During the challenge it should also be possible to view the challenge in the public DNS responsible for the domain:

_acme-challenge.medium-site.ploio.net    TXT    60   -   "[.. challenge here ..]"

As the certificate issued correctly and served its purpose, it can now be removed.

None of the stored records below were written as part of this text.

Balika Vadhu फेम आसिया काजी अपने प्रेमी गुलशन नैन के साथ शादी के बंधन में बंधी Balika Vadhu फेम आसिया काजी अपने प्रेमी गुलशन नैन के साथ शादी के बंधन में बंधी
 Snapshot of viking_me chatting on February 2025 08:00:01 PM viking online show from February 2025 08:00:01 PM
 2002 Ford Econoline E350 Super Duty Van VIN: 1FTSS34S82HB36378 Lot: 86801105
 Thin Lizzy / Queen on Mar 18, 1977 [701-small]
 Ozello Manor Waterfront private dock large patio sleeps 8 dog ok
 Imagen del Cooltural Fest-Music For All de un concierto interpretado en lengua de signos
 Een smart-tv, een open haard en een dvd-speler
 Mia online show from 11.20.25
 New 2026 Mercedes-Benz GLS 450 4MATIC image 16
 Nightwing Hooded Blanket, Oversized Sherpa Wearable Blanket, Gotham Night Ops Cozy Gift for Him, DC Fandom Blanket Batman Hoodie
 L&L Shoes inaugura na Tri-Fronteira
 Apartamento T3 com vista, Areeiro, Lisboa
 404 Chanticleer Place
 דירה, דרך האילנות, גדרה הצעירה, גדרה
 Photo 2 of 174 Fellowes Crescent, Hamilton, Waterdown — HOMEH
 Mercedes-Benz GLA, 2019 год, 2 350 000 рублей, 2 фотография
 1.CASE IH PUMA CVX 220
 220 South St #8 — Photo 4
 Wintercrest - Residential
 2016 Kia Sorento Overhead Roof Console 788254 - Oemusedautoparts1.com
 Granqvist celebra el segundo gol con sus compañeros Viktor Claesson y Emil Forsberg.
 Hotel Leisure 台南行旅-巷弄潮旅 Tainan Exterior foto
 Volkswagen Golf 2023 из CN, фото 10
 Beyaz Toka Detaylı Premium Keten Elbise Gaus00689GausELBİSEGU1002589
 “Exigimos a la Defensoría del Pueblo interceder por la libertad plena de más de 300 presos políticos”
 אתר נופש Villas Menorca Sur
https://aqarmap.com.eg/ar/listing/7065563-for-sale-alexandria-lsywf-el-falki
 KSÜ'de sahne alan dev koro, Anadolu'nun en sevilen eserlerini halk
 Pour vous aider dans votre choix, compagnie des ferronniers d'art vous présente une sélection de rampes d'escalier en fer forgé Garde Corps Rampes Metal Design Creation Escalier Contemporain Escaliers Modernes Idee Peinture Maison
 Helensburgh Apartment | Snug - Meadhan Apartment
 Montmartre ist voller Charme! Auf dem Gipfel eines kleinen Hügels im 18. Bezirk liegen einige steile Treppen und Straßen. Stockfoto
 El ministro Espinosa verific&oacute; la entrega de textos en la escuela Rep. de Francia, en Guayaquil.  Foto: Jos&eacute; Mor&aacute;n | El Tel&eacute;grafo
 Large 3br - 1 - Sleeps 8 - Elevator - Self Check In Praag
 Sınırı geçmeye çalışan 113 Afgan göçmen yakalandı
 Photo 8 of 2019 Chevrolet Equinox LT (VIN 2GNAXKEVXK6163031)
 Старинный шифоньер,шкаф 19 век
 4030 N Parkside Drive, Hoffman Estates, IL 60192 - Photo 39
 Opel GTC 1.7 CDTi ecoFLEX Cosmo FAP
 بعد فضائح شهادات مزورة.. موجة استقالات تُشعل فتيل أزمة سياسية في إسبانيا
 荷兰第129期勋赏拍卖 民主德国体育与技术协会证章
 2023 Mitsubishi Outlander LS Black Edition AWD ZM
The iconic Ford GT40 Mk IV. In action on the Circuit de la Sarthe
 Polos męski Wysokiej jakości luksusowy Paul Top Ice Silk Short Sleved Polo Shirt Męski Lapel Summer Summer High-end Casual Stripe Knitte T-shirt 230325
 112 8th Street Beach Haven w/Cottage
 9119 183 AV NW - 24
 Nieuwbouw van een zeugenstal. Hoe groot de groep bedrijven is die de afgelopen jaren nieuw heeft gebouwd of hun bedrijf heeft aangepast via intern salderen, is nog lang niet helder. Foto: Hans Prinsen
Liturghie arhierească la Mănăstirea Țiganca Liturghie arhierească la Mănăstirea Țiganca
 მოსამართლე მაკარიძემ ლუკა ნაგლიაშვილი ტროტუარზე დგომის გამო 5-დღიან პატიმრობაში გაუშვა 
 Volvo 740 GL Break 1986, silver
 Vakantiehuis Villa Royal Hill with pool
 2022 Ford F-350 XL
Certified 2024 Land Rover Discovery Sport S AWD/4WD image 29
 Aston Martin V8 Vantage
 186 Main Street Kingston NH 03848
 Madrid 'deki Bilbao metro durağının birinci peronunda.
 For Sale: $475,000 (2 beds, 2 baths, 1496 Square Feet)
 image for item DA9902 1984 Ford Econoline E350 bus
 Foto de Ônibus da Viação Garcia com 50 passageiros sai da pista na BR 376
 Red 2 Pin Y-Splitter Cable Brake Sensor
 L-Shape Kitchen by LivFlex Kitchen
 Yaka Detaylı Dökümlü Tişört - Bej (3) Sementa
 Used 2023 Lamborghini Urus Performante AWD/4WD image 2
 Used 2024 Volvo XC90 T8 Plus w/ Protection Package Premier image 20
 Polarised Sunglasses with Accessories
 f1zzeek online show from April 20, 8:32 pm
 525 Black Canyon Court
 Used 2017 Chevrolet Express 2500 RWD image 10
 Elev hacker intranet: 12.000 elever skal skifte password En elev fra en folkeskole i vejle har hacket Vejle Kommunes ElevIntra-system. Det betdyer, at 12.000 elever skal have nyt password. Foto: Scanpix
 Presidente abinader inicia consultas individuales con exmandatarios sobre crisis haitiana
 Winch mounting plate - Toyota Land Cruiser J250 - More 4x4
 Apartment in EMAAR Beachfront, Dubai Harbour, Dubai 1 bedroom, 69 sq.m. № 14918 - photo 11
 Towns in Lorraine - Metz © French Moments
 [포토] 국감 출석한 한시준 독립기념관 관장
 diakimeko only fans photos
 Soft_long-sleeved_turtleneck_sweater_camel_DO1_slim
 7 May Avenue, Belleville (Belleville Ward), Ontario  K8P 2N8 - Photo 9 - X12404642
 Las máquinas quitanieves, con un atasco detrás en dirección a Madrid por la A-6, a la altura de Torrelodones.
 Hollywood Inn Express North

Handle internal DNS records — meet ExternalDNS

In order to let Kubernetes create DNS records to automatically be resolvable by all clients, there is a deployment called ExternalDNS that fixes this part, so lets install that one as well with Helm:

helm repo add external-dns https://kubernetes-sigs.github.io/external-dns/

After you've installed the repo you can install the chart.

PROVIDER=rfc2136
DNSHOST=10.53.0.2 # Your internal DNS resolver
DNSZONE=ploio.net # The zone that DNS manages
TSIGSECRET=<TSIG Secret at the DNS server, check named.conf>
TSIGALGO=hmac-sha256 # TSIG algorithm chosen at DNS server
TSIGKEY=externaldns # The TSIG name chosen at DNS server
DOMAINFILTER=ploio.net # Which sub domains the ExternalDNS handles$ cat <<EOF | helm upgrade --install -n external-dns external-dns \
external-dns/external-dns --create-namespace  -f -
---
serviceAccount:
  create: true

rbac:
  create: true

securityContext:
  runAsNonRoot: true
  runAsUser: 65534
  allowPrivilegeEscalation: false
  readOnlyRootFilesystem: true
  capabilities:
    drop: ["ALL"]

sources:
  - service
  - ingress

registry: txt
txtOwnerId: "k8s"
txtPrefix: "external-dns-"

domainFilters: 
  - ${DOMAINFILTER}

provider: ${PROVIDER}

deploymentStrategy:
  type: Recreate

extraArgs: 
  - --rfc2136-host=${DNSHOST}
  - --rfc2136-port=53
  - --rfc2136-zone=${DNSZONE}
  - --rfc2136-tsig-secret=${TSIGSECRET}
  - --rfc2136-tsig-secret-alg=${TSIGALGO}
  - --rfc2136-tsig-keyname=${TSIGKEY}
  - --rfc2136-tsig-axfr
EOF

Check in the external-dns namespace so that the pod is running, also check the logs for eventuall issues with communication against the internal DNS.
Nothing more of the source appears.